The exact opposite of vector art is raster graphics (photographic images). The only way to break down raster art is on the pixel level. You can vectorize the image using special software and turn it into vector art, but then it loses all characteristics of being photographic. Vector art is not only simple to create, but it is extremely scalable. The same 3x3 inch vector art you create can scale to a huge wall mural without a single loss in clarity. This isn’t the case for raster graphics. The more you scale raster-based work, the more blocky and blurry they get. Vector art is also very easy to manipulate. You can move, distort and break apart elements of your design in a few mouse clicks. There is tons of software out there that you can use to create vector art. Illustrator and CorelDRAW are the two most popular ones. If these are outside of your budget, there are also a number of free ones available for download. Check out this link on Wikipedia for a list of vector design software.
After you’ve come up with a design on your computer, it’s time to take it to the next level. Looking at the art on your computer screen is not the same as looking at it on a t-shirt. So print out your design and tape it to a t-shirt. Have a friend wear it, or model it yourself in front of a mirror. Does your design still look good in practicality? If it doesn’t, then maybe it just needs a few tweaks. Make sure to try out several variations of shapes and colors. Don’t go overboard with the colors though. Try to keep the color range to something manageable (a few colors at the most). The more colors you use, the more expense it will be to transfer your design to a t-shirt.

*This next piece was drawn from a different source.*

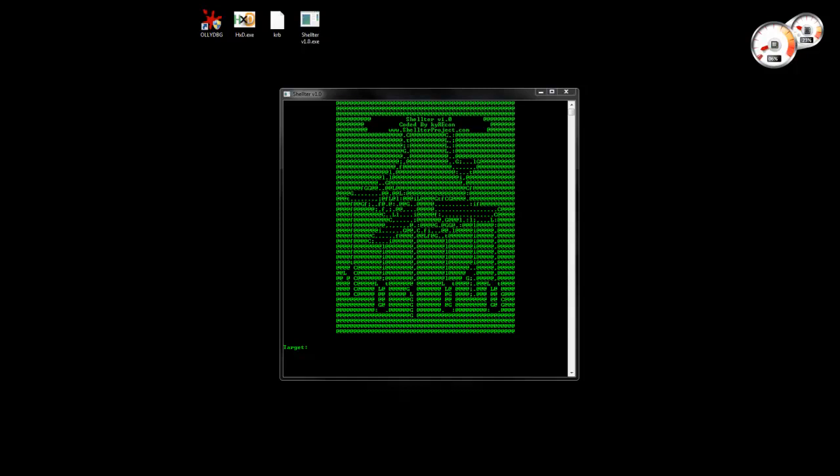Hi guys, in this video we are going to combine together three advanced features of SHELTER. These features are the ability to bind polymorphic code.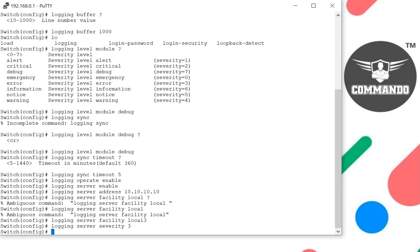We can configure the system to apply timestamps to debugging messages or system login messages. This is very important - at what time this event has occurred. By default, timestamp format is BSD. We can change to other timestamp formats. Login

Don’t forget that the color of your t-shirt plays a role in the look of the design as well. For example, a blue t-shirt is a great backdrop for an ocean-based design.
When you’re satisfied with the look, then it’s time for printing. There are basically two methods of screen printing your t-shirt design. The simplest method is called spot color separation. It’s a technique of breaking apart a design into separate layers by colors, a necessary step for screen printing as each layer represents a different a different screen and ink color. This is not a technique for printing raster graphics. If your design is photographic in nature, then the traditional four color process separation is what you need. This is the CMYK model where an image is broken down into Cyan, Magenta, Yellow and Black. As opposed to spot color separation where the layers are simply stacked to produce the final design, the four color process blends the different layers together in differing proportions to achieve millions of colors.
Vector art is easy to create and transfer to t-shirts. The nature of the technique lends itself so well to screen printing. So what are you waiting for? Go make some vector art!